Posted by TheFallen on November 13, 2002

In Reply to: Spoonerisms posted by Bruce Kahl on November 13, 2002

: : : : Recent discussions prompt me to wonder what exactly a spoonerism is. Is it simply a transposition of letters or syllables, or do the transposed elements have to make sense? For example, "cattleships and bruisers" makes sense but "naily dewspaper" doesn't. Any advice?

: : : From dictionary.com

: : : Word of the Day for Monday April 15, 2002:

: : : spoonerism \SPOO-nuh-riz-uhm\, noun:
: : : The transposition of usually initial sounds in a pair of words.

: : : Some examples:
: : : We all know what it is to have a half-warmed fish ["half-formed wish"] inside us.
: : : The Lord is a shoving leopard ["loving shepherd"].
: : : It is kisstomary to cuss ["customary to kiss"] the bride.
: : : Is the bean dizzy ["dean busy"]?
: : : When the boys come back from France, we'll have the hags flung out ["flags hung out"]!
: : : Let me sew you to your sheet ["show you to your seat"].

: : : Spoonerism comes from the name of the Rev. William Archibald Spooner (1844-1930), a kindly but nervous Anglican clergyman and educationalist. All the above examples were committed by (or attributed to) him.

: : Spoonerisms don't have to make sense. "Paily daper" qualifies. It's just that the ones that do make sense, especially if it's a ludicrous sense, get quoted over and over.

: I never heard of the term until Mr.bob used it a while back.
: I was in a rock and roll band a while back and we called ourselves the Polling Rapers. My mother STILL asks me what it means.

I'm rather fond of the Reverend William A. Spoooner, who was warden of my old college - though he died near on 50 years before I arrived there. Attributed to him in the Columbia World Of Quotations (and therefore almost certainly genuine) is the following reprimand to a particularly lax undergraduate.

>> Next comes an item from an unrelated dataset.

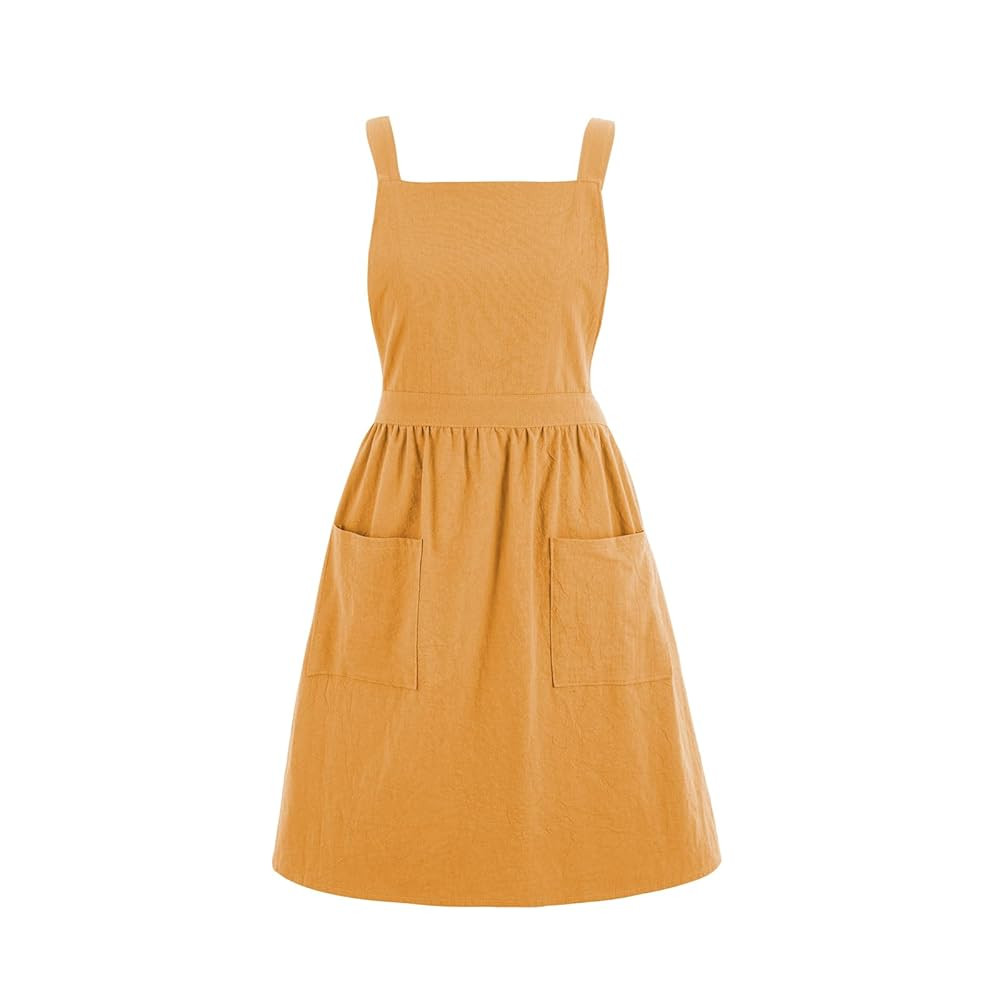 Cotton Linen Pinafore Apron Dress for Women with Pockets Cute Art Chef Aprons for Kitchen Baking ... | Amazon (US)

"Sir, you have tasted two whole worms; you have hissed all my mystery lectures and been caught fighting a liar in the quad; you will leave by the next town drain."

Also apocryphally attributed to him is the following toast made in New College dining hall - I can find no source that backs this one up.

"Let us glaze our (r)arses to the queer old dean."